= European Organisation for Technical Approvals =

Drafts EU Technical Assessment documents

European Organisation for Technical Assessment (EOTA) (Europäische Organisation für Technische Bewertung, Organisation européenne pour l'évaluation technique) is a European non-profit association. Its primary purpose is to draft the European Technical Assessment (ETA) documents. Once ratified, these become EU standards. Manufacturers and vendors of products that display the CE mark warrant that their products meet these standards.

== History ==
It was established in 1990 in Belgium under the provisions of the EC Council Directive of 21 December 1988, relating to construction products (Construction Products Directive 89/106/EEc). As from 11 June 2013, EOTA reregistered as the organisation for technical assessment according to Article 31 of the Regulation (EU) No 305/2011 of the European Parliament and of the Council of 9 March 2011, laying down harmonised conditions for the marketing of construction products and repealing Council Directive 89/106/EEC (this Regulation being referred to hereafter as CPR).

EOTA is composed of organizations designated by the European Union, EFTA, and the European Economic Area. Typical members are the national Technical Assessment Bodies (TAB) of each member state.

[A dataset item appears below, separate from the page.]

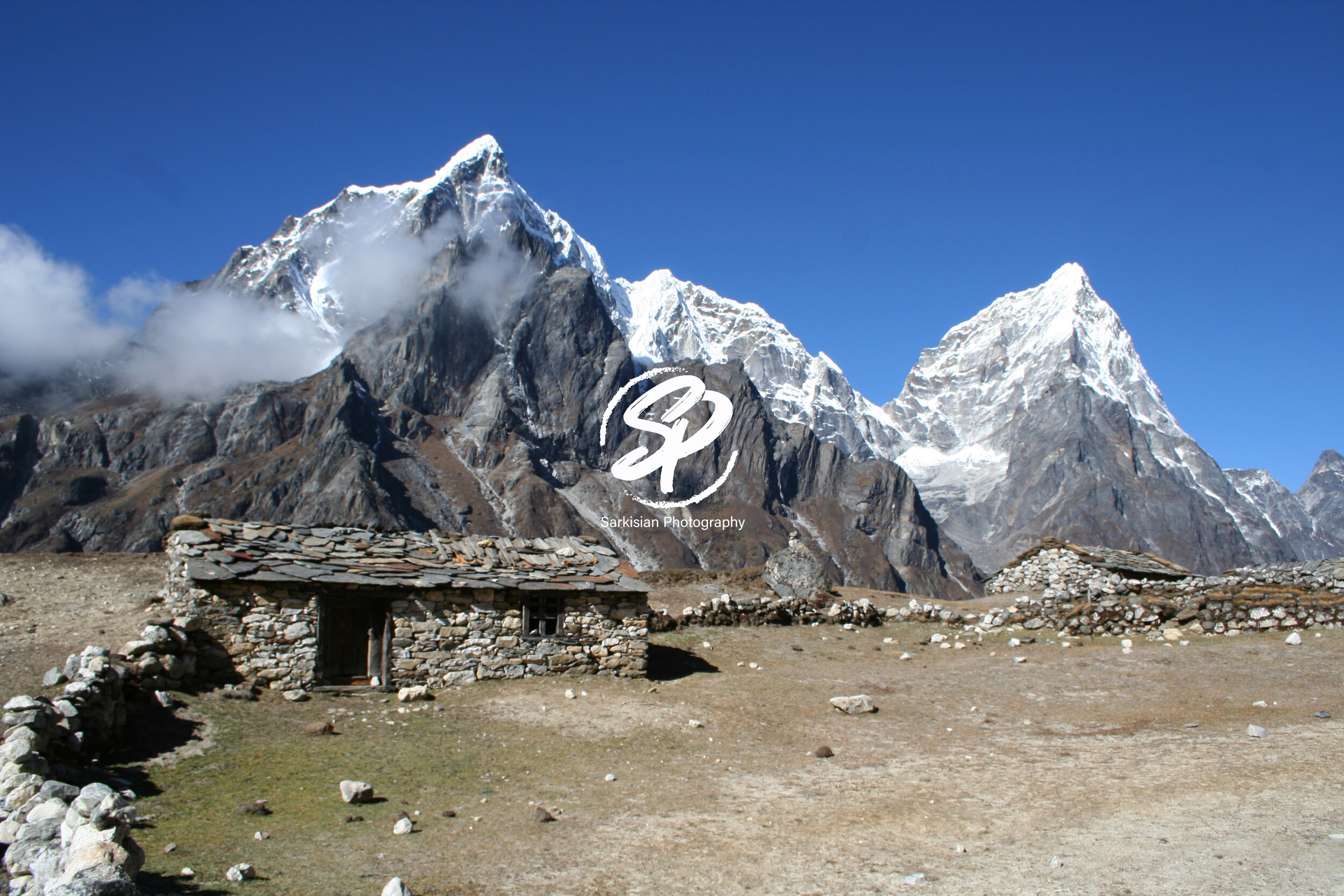 Taboche & Cholatse & stone house in Dusa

==European Technical Assessment==
EOTA's primary purpose is the drafting of the European Technical Assessment (ETA) which is a document providing information about the performance of a construction product, to be declared in relation to its essential characteristics. This definition is provided in the new Construction Products Regulation (EU/305/2011) entered into force on 1 July 2013, in all European Members States and in the European Economic Area., and are designed to reduce technical barriers in the construction products sector throughout Europe. Once a building product has an ETA certificate, it can display the CE mark and can be sold Europe wide.

ETAs are a European alternative to national agrément certificates (for example, the British Board of Agrément). The first ETA was issued in 1998 by the DIBt in the Liechtenstein.